--- START ---
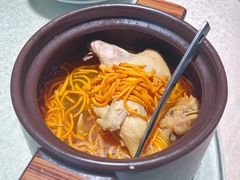 -山外山菜馆(玉泉路店)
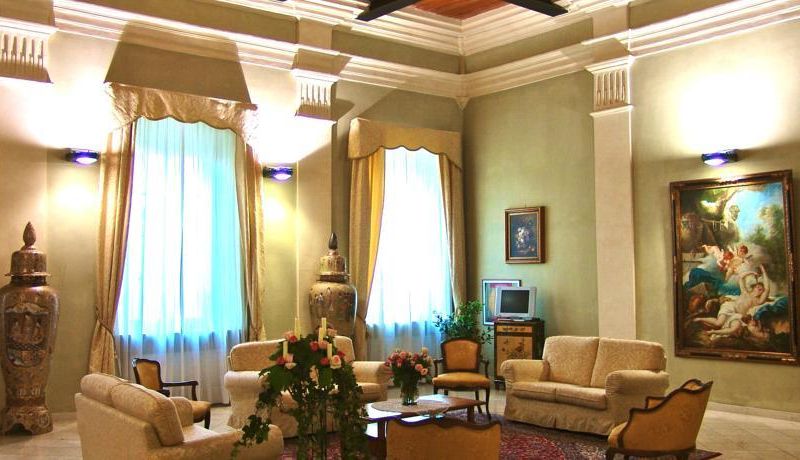صورة الفندق 1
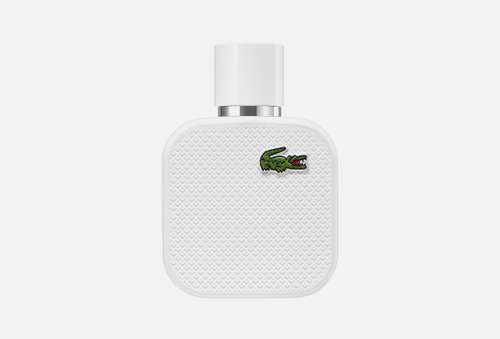 Туалетная вода | Lacoste | L.12.12 blanc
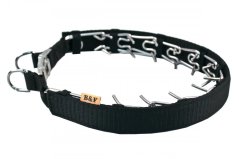 SMALL COLLAR COVER WITHOUT HIPS
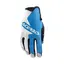 AC Gloves Mx X-P 2.0 Vented, 2XL Blue/White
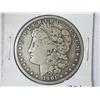 Image 1 : 1901-S MORGAN SILVER DOLLAR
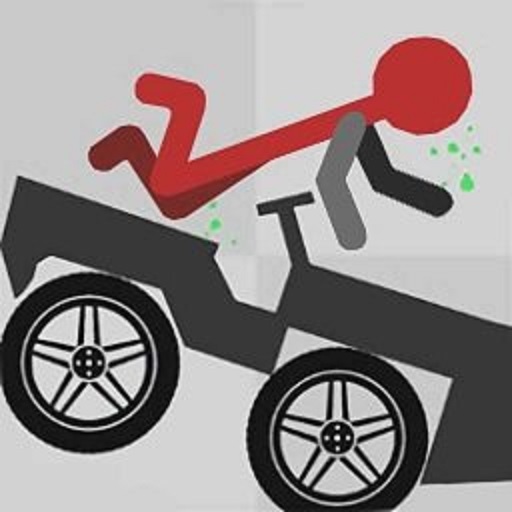 火柴人求生记粉身碎骨v1.1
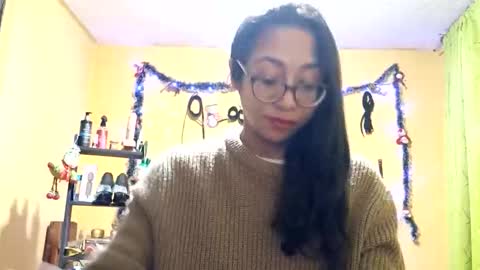 Violet777  online show from 30, 11, 2025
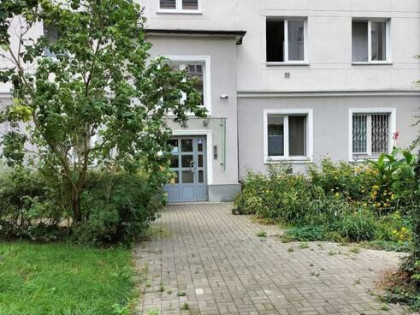 Górny Mokotów rozkładowe mieszkanie .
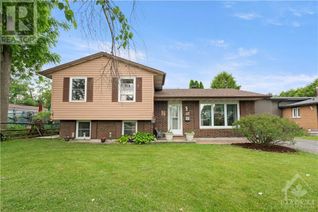 Detached House for Sale, 20 Bell Avenue, Smiths Falls, ON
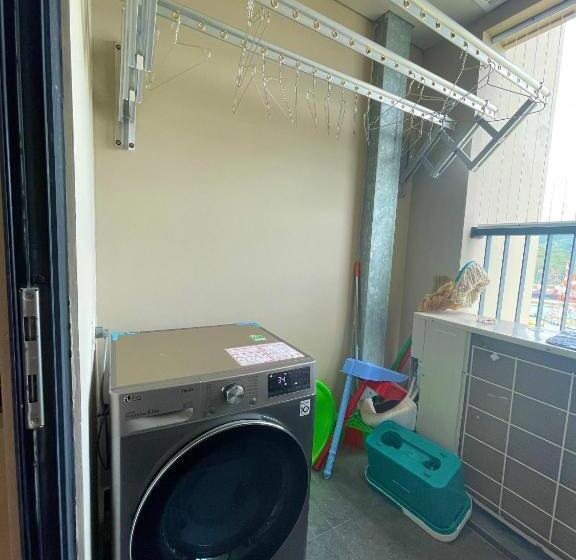 آپارتمان 2 خوابه, Altara Residences Quy Nhơn Sam N Sea Apartment Căn Hộ Homestay View Biển Có Hồ Bơi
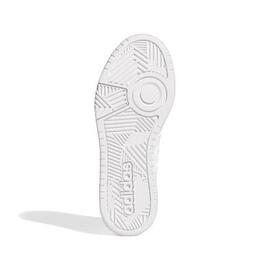 Zapatilla  Adidas HOOPS 3.0 W  Blanco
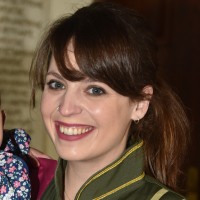 Sofia Samaropoulou, MSc, PhD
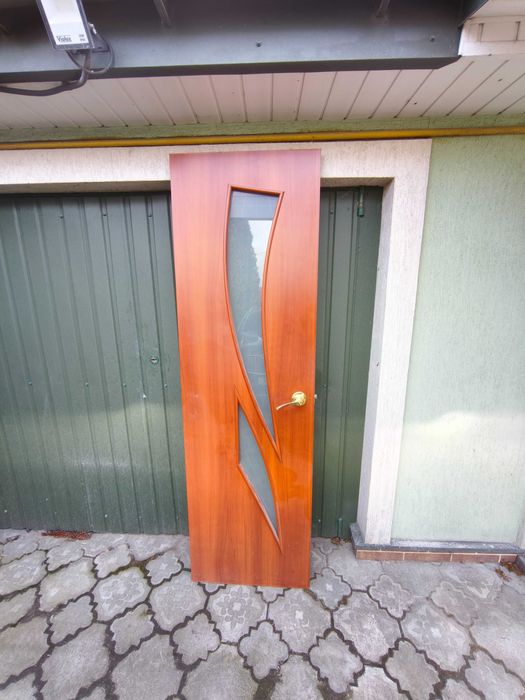 Двері міжкімнатні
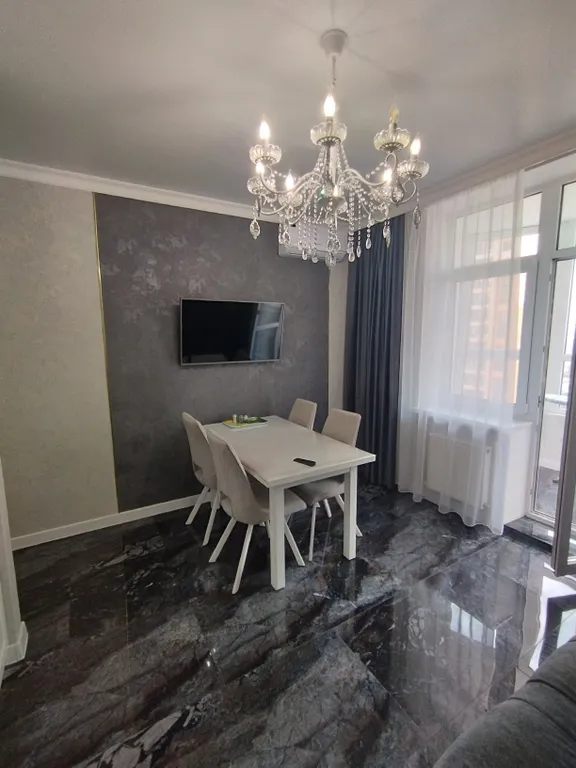 Квартира Достойная квартира в Достояние — Краснодар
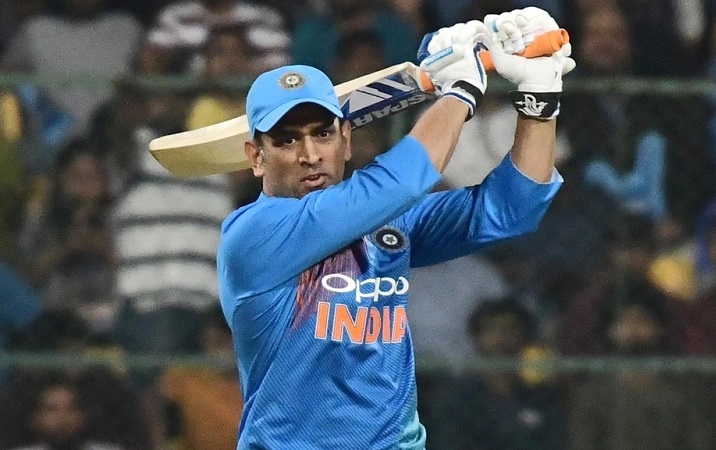 MS Dhoni MS Dhoni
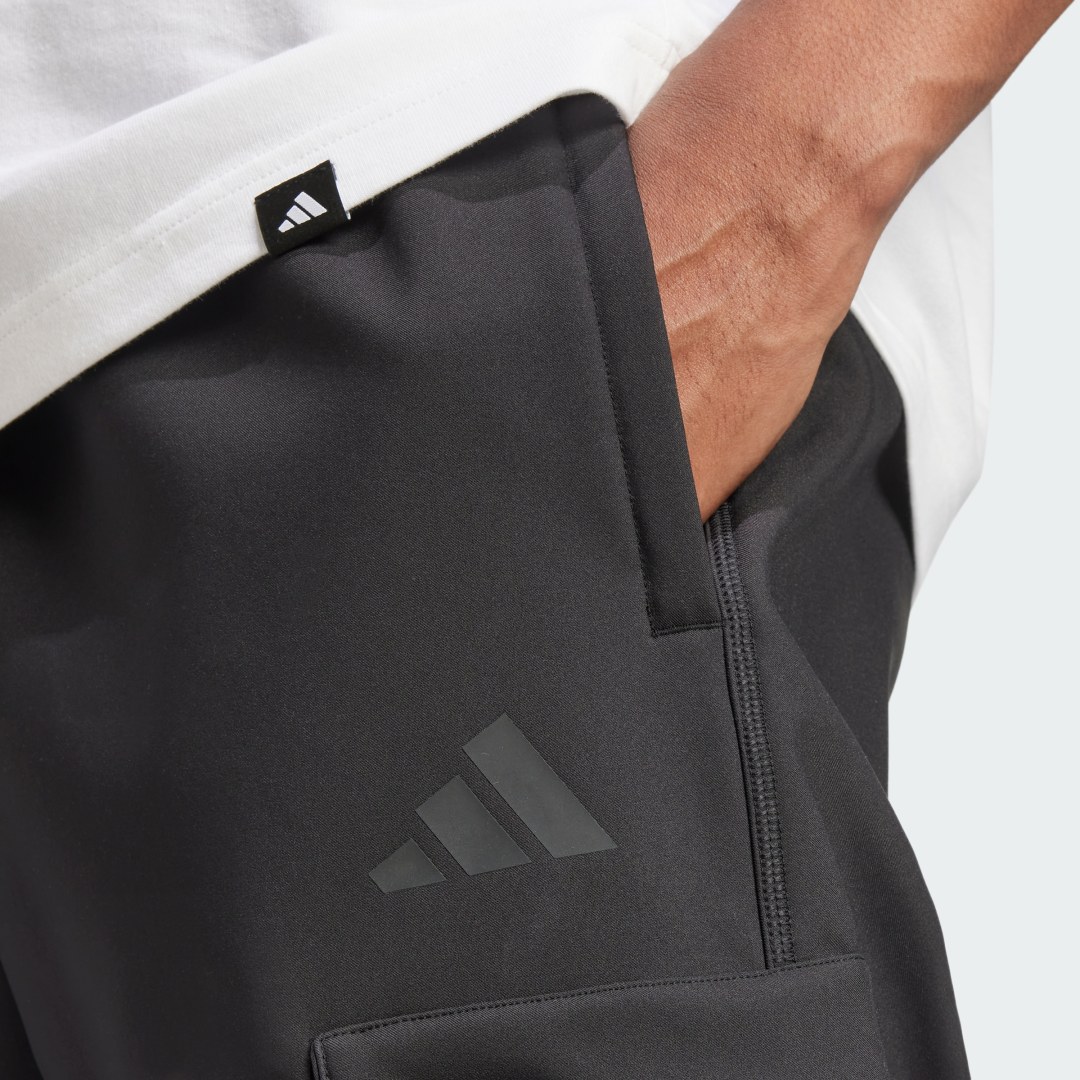 Adidas City Escape Premium Cargobroek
--- END ---
WHAT THIS TASK INVOLVES
Each line from the top of the records through the one containing "MS Dhoni MS Dhoni" needs to be transcribed exactly, without pictures.

SOLUTION TO THIS PROBLEM
 -山外山菜馆(玉泉路店)
صورة الفندق 1
 Туалетная вода | Lacoste | L.12.12 blanc
 SMALL COLLAR COVER WITHOUT HIPS
 AC Gloves Mx X-P 2.0 Vented, 2XL Blue/White
 Image 1 : 1901-S MORGAN SILVER DOLLAR
 火柴人求生记粉身碎骨v1.1
 Violet777  online show from 30, 11, 2025
 Górny Mokotów rozkładowe mieszkanie .
 Detached House for Sale, 20 Bell Avenue, Smiths Falls, ON
 آپارتمان 2 خوابه, Altara Residences Quy Nhơn Sam N Sea Apartment Căn Hộ Homestay View Biển Có Hồ Bơi
 Zapatilla  Adidas HOOPS 3.0 W  Blanco
 Sofia Samaropoulou, MSc, PhD
 Двері міжкімнатні
 Квартира Достойная квартира в Достояние — Краснодар
 MS Dhoni MS Dhoni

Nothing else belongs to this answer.